KPMG, for example, has set up a dashboard to track the use of AI tools by its employees in the consulting division in the United States, as part of an effort to move from basic adoption to more advanced usage. McKinsey, on the other hand, plans to go even further. Its CEO, Bob Sternfels, announced in January that the company uses about 25,000 AI agents in addition to its 40,000 human employees, hoping that one or more agents will eventually support each employee.
Strategic Spending or the Need to Keep Up with Trends?
The increase in AI spending raises a crucial question: are companies investing strategically or simply to avoid being left behind? This is a question that consulting firms are trying to answer, both for their clients and for themselves.

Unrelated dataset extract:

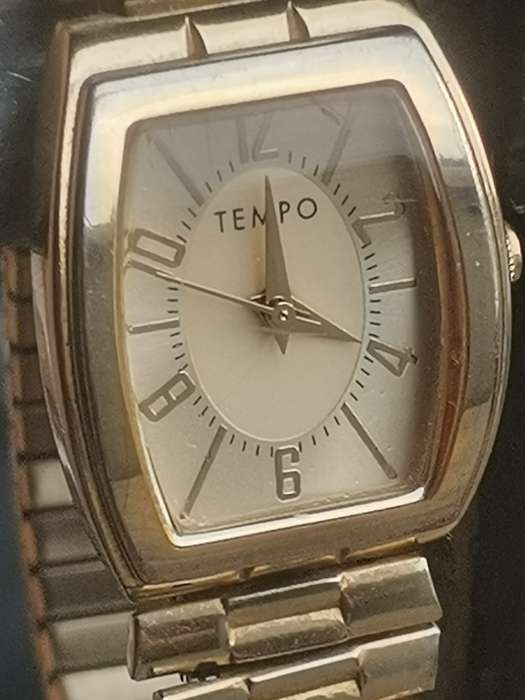 LADIES STUNNING GOLD TEMPO WATCH IN EXCELLENT WORKING CONDITION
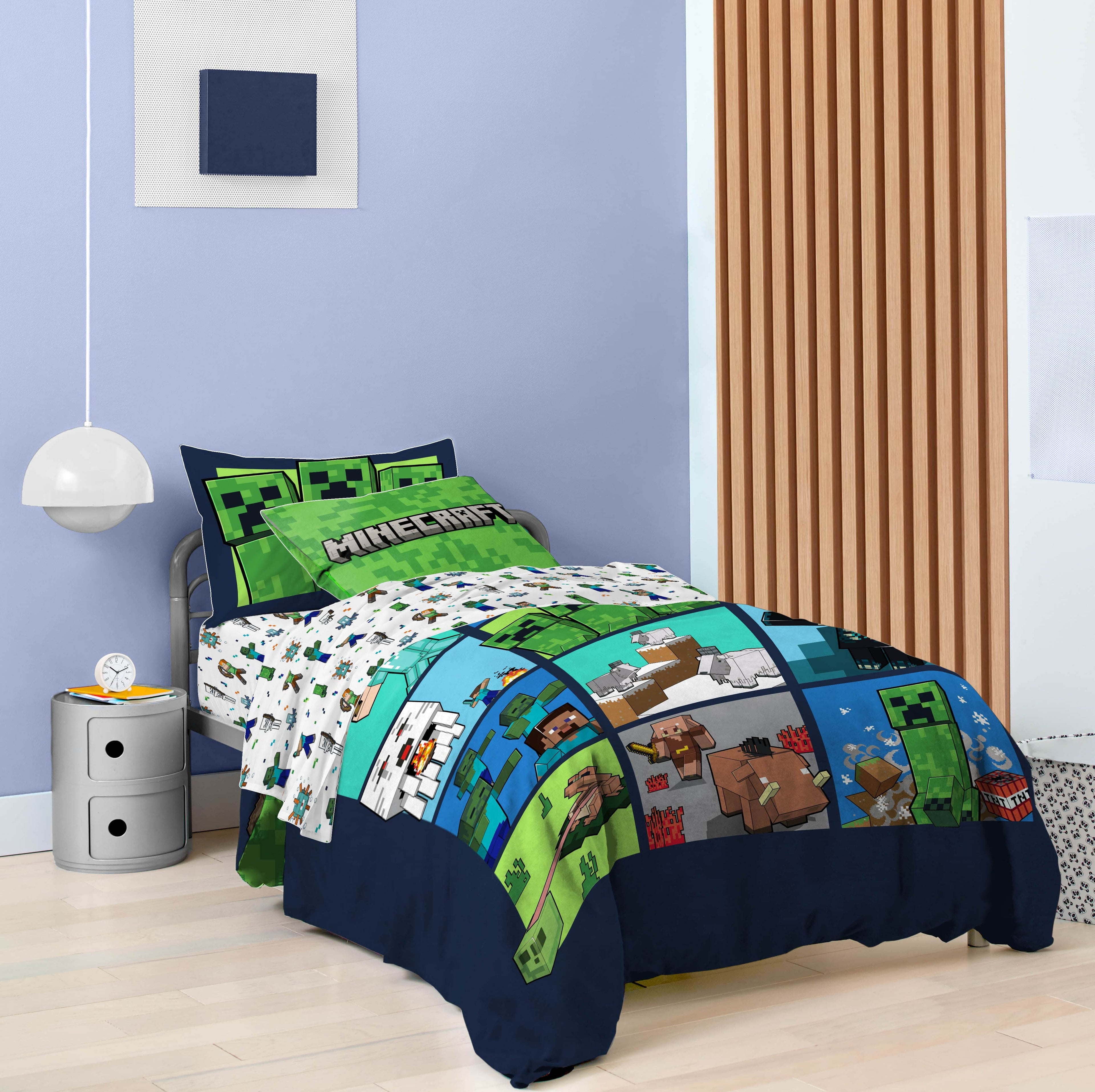 Luxurious Quilted Kids 2 Piece Green Reversible Comforter and Pillowcase Bedding Set, Twin/Full - All-Season Down Alternative Comforter Insert Detail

For now, the trend seems to be to continue investing, but in a more thoughtful manner. A recent report from the Boston Consulting Group on corporate investment in AI revealed that companies plan to more than double their spending by 2026, rising from about 0.8% of their revenues to around 1.7%. For large companies, this represents billions of dollars invested in AI strategies that often remain experimental and difficult to evaluate.
Towards More Measured Management of AI Investments
Russell Fradin, CEO and co-founder of Larridin, a platform that helps companies, including large consulting firms, measure the returns on AI usage, stated that this spending trend will continue. "We haven't seen anyone talk about spending less on AI next year," he told Business Insider. "They are simply talking about instrumenting to understand where this is going." According to Fradin, companies agree that they "cannot multiply their spending by ten each year indefinitely."